• **Web page caption snippets**
--- --- ---

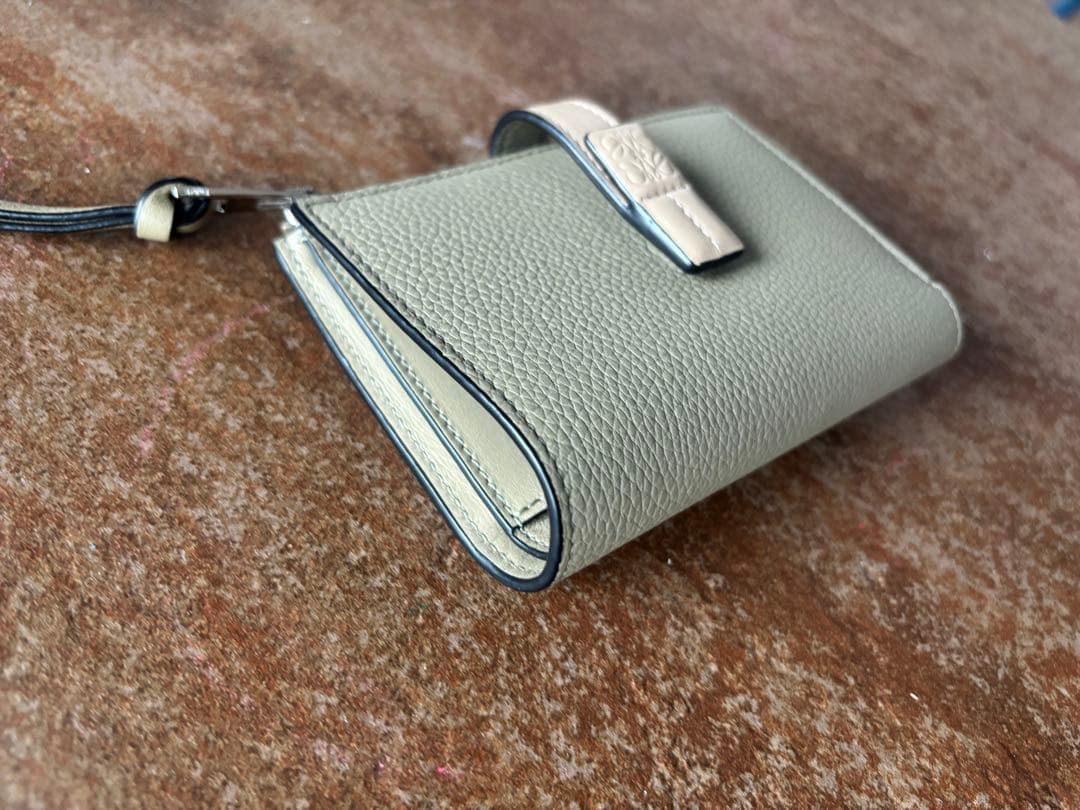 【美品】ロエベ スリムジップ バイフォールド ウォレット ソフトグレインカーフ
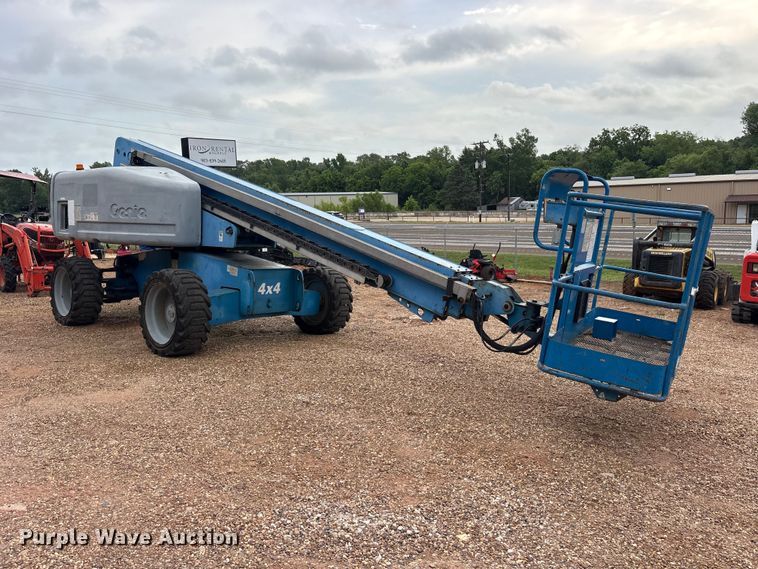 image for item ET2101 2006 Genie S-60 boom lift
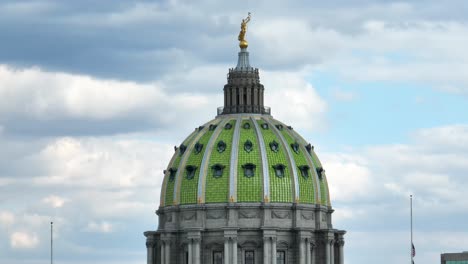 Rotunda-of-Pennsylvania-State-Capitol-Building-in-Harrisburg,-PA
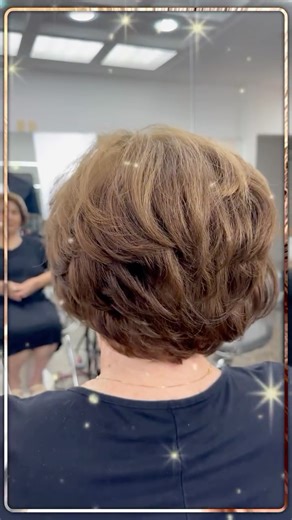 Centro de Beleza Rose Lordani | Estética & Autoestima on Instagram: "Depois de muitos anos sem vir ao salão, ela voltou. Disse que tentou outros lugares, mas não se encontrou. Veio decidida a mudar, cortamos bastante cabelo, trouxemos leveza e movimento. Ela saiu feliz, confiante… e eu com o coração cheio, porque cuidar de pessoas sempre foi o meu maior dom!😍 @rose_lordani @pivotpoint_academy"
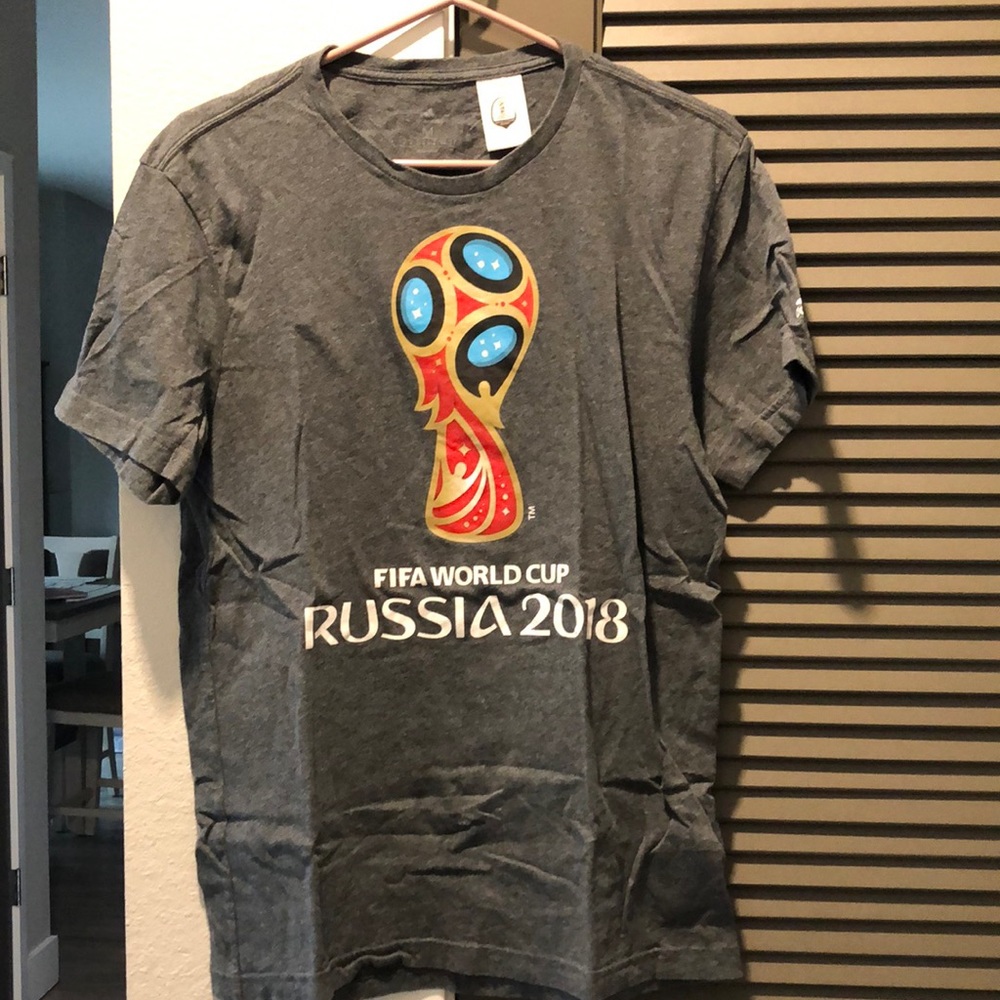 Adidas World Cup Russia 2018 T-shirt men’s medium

--- --- ---

• **YOUR INSTRUCTIONS**
Each record must be repeated verbatim, and no picture may appear in the copy.

• **SOLUTION TO THIS TASK**
 【美品】ロエベ スリムジップ バイフォールド ウォレット ソフトグレインカーフ
 image for item ET2101 2006 Genie S-60 boom lift
 Rotunda-of-Pennsylvania-State-Capitol-Building-in-Harrisburg,-PA
 Centro de Beleza Rose Lordani | Estética & Autoestima on Instagram: "Depois de muitos anos sem vir ao salão, ela voltou. Disse que tentou outros lugares, mas não se encontrou. Veio decidida a mudar, cortamos bastante cabelo, trouxemos leveza e movimento. Ela saiu feliz, confiante… e eu com o coração cheio, porque cuidar de pessoas sempre foi o meu maior dom!😍 @rose_lordani @pivotpoint_academy"
 Adidas World Cup Russia 2018 T-shirt men’s medium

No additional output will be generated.